Fennel pollen is only available for a short window out of the year. It timed perfectly with the fourth of July, so we made it a fourth of July outing. Since I’d never done this before, I did some quick internet research before we headed out. I found an article by Hank Shaw in the Atlantic on foraging for fennel pollen.
We found a great spot where a bunch of fennel grows in a small canyon only a few miles from our apartment. We packed a variety of bags and a small plastic container for storage.
I found that both freezer bags or plastic produce bags work really well. The technique is easy, simply cover the fennel flowers with a bag and shake. The fennel pollen will fall into the bag.
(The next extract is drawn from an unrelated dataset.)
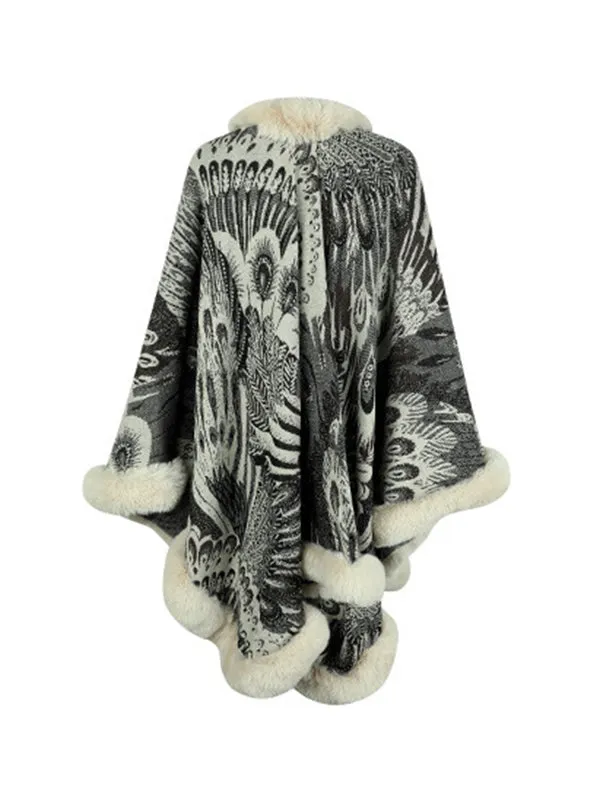 Long Sleeves Loose Jacquard Keep Warm Velvet Collarless Cape Shawl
It took a lot of flowers to collect even a little bit of pollen. I think we came home with about 1/3 cup of pollen total, after 4 people working at it for about an hour. So yeah, it’s hard work. There’s a reason why the stuff is almost as expensive as saffron!
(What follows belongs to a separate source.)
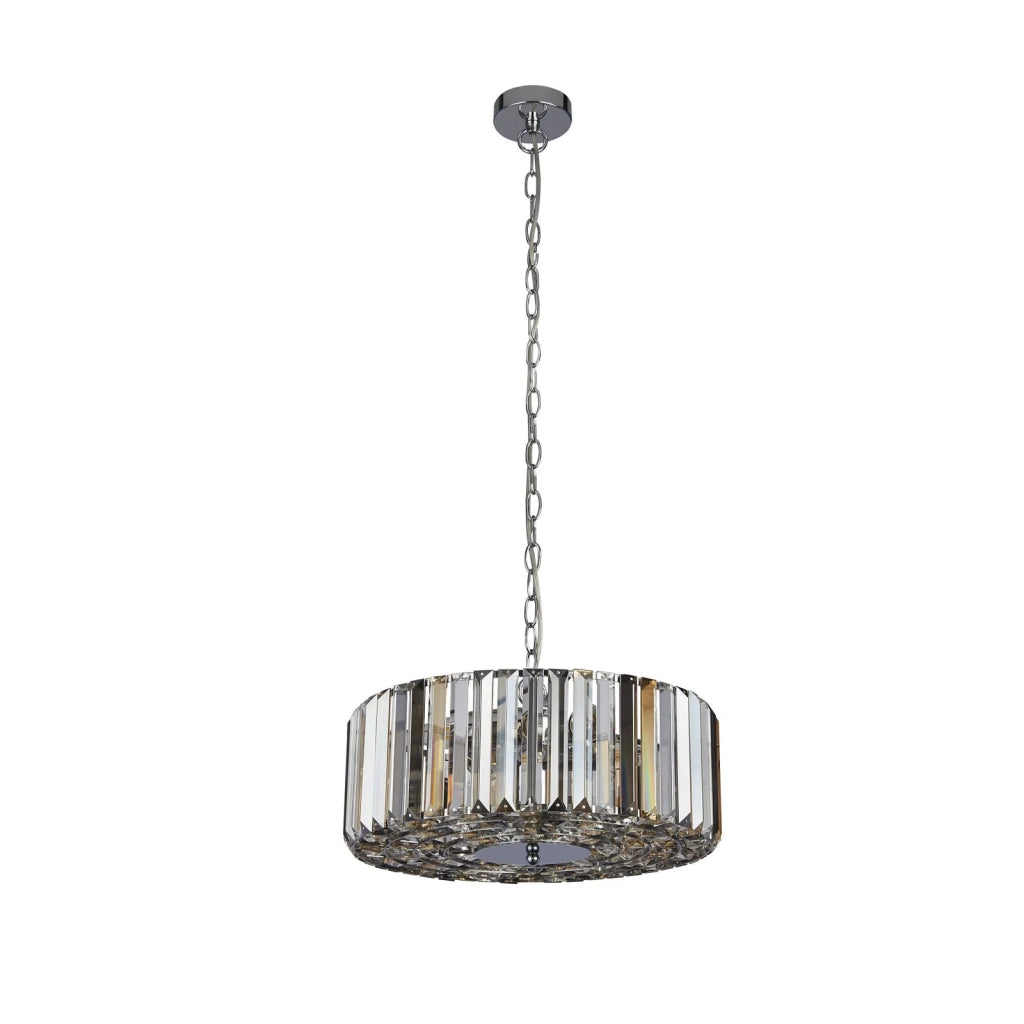 Lampadario Contemporaneo Chapeau Acciaio Cromo Vetro Ambra 5 Luci E27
The only thing to be careful for is the aphids. There were some flowers that had a bunch of the bugs on them, I simply avoided those. Once we had the pollen, I carefully picked through it multiple times to make sure I took out any potential bugs.
Now that we had the fennel pollen, I had to decide what to make with it. I had just made rabri a few days ago and I was looking for something to do with it. Rabri is condensed milk that has a bit of caramelization to it. Indians use it to make kulfi (ice cream), puddings or to serve alongside sweets like malpuda.
I decided I would bake pots de creme with the pollen using the rabri. It was so yummy!
Fennel Pollen Pots De Creme
- 6 large egg yolks
- ½ cup sugar
- 1 ½ cups homemade condensed milk or rabri I did not add any sugar, vanilla or saffron for this recipe. Unlike store bought condensed milk this homemade version has a caramel flavor. See notes for substitute
- ½ cup cream
- ¼ tsp cardamom
- 1 tsp fennel pollen
- If using homemade condensed milk, put it in the blender for a minute and puree. This will make sure all the chunks of caramelized milk are small enough to go through a sieve later.
- Preheat oven to 325 degrees F.
- In a medium mixing bowl, whisk together the egg yolks and sugar until blended together.
- In a small saucepan, mix in the condensed milk and cream. Bring to a simmer.
- Slowly pour the hot milk and cream mixture into the egg mixture, whisking constantly as you pour.
- Strain the egg and milk mixture (to take out any lumps of cooked egg) into a measuring cup with a pouring lip.
- Stir in the cardamom and fennel pollen.
- Pour the mixture into 4 oz ramekins. Cover each ramekin tightly with foil.
- Place the cups into a roasting pan or another deep dish that will hold all the ramekins.
- Place the pan in the oven and pour boiling water into the pan so that the ramekins are halfway submerged in water.
- Carefully close the oven and bake for about 35 to 45 minutes.
- The custards should be set but still jiggly in the center.
- Remove from water bath and let cool for 30 minutes. Refrigerate for at least 2 hours before serving.
I know it’s tedious to reduce milk like I did so feel free to use evaporated milk instead and just substitute half the sugar for brown sugar. The brown sugar should provide a caramelly flavor similar to reduced milk. This recipe is adapted from the Vanilla Pots De Creme in the Joy of Cooking.